A dozen companies had set up tents and displays to take part in the national Solar Tour. Most were builders and installers ready to assess a home's energy efficiency and incorporate solar water heaters and photovoltaic arrays into its design, but there was also a rocket-like electric vehicle on display and a solar-powered lawn mower which the owner hopes to share co-op style with members who want quiet, petroleum-free lawn care.

Ironically, the mower is a refurbished Elec-Trak model built in 1970 by General Electric and discontinued after sales were tepid. 

(CaptionGil Hough of Southern Alliance for Clean Energy dons a costume as part of the Solar Tour festivities that included information booths, demonstrations and a tour of local solar homes.)

Read more & see additional pics on the jump!

One company pitching its services on Saturday was founded in the 1970s but was mothballed as memories of that decade's oil crisis faded. With Obama's emphasis on developing a solar-energy economy, the owner has revived the company with an improved distribution network to lower delivery costs. Despite steady improvements in technology, solar power has not yet achieved the popularity needed for economies of scale to bring down prices, but most in the industry see that happening as soon as the housing market recovers from the derivatives crash.

(CaptionRetroMow is a newly chartered cooperative that plans to share solar-charged tractors, delivered by biodiesel-fueled vehicles, among members who can use them to till gardens and mow lawns.)
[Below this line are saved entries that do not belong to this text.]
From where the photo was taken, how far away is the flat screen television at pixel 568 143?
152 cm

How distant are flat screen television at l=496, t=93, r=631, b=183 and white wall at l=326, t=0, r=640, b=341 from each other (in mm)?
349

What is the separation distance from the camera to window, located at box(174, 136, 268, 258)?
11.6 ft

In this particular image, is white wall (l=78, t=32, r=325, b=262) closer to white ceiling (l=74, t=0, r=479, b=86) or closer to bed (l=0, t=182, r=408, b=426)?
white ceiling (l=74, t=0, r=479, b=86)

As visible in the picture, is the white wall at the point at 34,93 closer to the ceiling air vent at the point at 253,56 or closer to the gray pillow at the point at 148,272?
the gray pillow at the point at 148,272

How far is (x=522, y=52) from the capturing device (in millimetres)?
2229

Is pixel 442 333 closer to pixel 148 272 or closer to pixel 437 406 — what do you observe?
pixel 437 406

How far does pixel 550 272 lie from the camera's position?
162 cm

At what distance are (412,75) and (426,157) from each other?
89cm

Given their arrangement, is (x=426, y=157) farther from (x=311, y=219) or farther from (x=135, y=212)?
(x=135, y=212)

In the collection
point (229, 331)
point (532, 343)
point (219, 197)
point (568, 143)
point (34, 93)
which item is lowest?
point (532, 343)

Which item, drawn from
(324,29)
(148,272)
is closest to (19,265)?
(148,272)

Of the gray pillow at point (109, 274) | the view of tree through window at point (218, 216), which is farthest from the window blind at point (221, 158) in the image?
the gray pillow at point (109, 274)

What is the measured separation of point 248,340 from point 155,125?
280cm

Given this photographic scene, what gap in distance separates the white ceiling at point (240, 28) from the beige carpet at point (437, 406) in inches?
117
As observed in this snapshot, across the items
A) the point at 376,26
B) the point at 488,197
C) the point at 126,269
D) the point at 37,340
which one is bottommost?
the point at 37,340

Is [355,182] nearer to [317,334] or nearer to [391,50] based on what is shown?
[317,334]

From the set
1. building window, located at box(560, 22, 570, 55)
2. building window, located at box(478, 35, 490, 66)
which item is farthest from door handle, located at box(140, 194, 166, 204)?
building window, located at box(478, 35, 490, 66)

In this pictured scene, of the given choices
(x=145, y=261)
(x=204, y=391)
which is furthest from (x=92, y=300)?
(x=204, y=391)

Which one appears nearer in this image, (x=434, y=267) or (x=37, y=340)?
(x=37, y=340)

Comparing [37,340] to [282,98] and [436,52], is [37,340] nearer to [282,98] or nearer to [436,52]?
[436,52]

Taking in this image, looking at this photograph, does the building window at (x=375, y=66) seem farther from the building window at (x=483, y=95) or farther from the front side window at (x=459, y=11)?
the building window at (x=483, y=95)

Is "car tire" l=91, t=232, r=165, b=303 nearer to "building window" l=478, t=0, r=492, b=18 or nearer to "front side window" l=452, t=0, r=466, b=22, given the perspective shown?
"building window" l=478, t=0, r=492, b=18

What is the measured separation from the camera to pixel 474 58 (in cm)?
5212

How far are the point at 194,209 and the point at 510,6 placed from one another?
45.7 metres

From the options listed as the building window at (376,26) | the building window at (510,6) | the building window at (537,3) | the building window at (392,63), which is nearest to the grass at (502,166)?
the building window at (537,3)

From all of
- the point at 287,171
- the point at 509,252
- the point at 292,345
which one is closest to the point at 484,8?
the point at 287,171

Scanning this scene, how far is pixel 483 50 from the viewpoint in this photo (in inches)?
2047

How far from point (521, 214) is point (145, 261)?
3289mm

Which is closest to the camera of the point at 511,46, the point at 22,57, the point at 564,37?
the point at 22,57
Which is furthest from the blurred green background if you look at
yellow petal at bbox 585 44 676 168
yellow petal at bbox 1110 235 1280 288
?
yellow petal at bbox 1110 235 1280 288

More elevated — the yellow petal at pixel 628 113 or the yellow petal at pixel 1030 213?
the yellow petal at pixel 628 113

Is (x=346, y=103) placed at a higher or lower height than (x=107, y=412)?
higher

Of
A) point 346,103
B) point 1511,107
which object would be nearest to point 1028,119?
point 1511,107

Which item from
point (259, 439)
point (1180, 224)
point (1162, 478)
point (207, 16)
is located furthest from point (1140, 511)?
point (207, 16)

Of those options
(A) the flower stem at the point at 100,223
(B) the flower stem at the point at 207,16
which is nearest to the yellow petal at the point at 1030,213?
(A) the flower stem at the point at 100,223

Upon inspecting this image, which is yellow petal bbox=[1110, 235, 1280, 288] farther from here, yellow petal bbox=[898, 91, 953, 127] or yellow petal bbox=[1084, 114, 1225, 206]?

Residential solar remains a long-term investment, paying off in 10 to 15 years in most cases, even with the 30 percent tax credit, but additional incentives for small businesses push the savings into the near term. Three East Tennessee businesses: Wampler's Sausage in Lenoir City, Hometown Medical in Madisonville and Apalachee Nursery in Turtletown, were awarded USDA Rural Energy for America Program grants last week, and their PV arrays should pay for themselves after just a few years of shrunken energy bills. Harvey Abouelata of Sustainable Future, LLC says Ted Wampler told him, "You're selling money." To reach the point where clients see it that way, the company had to master grant writing, tax forms and all the engineering challenges inherent in merging on-site generation with utility-grid power.

(CaptionShadows, even small ones, stop the flow of electrons across a photovoltaic panel, so children could watch water in the fountain slow down as they blocked the sun.)

While turning sunlight into electricity is complicated, solar water heating is not. It is a primitive technology used in parts of the world that have never had electricity. Any plumber has the skills to supplement or replace an electric water heater with a solar system. I asked several solar experts why more homes do not heat water with sunlight, and the answers had more to do with culture than economics. We like to shower first thing in the morning, after heated water has had all night to cool, and America's expansionist adolescence made a virtue of gluttony that we are only now growing out of.

(CaptionExhibitors included Pellissippi State TCC, which has created a vocational curriculum for students wanting to work in the field of solar energy.)

With families pushing strollers among tables piled with squashes, peppers, baked goods and crafts, the virtues of clean, decentralized power seem as clear as the October sky.

(CaptionA device called the Solar Pathfinder, manufactured in Tennessee, uses an astronomical grid and a fish-eye lens to measure, in a single reading, how much sun shines on a spot throughout the year.)

Comments » 1

  • October 06, 2009
  • 6:42 PM
Rich Hessler Solar writes:

It's hard to push solar energy in Tennessee right now with the low electricity rates. It's going to take a lot of homeowners wanting to go green or the carbon tax to make solar compete with electricity rates. But great job for getting the idea out there! Hopefully some homeowners learned about the advantage of solar for the environment.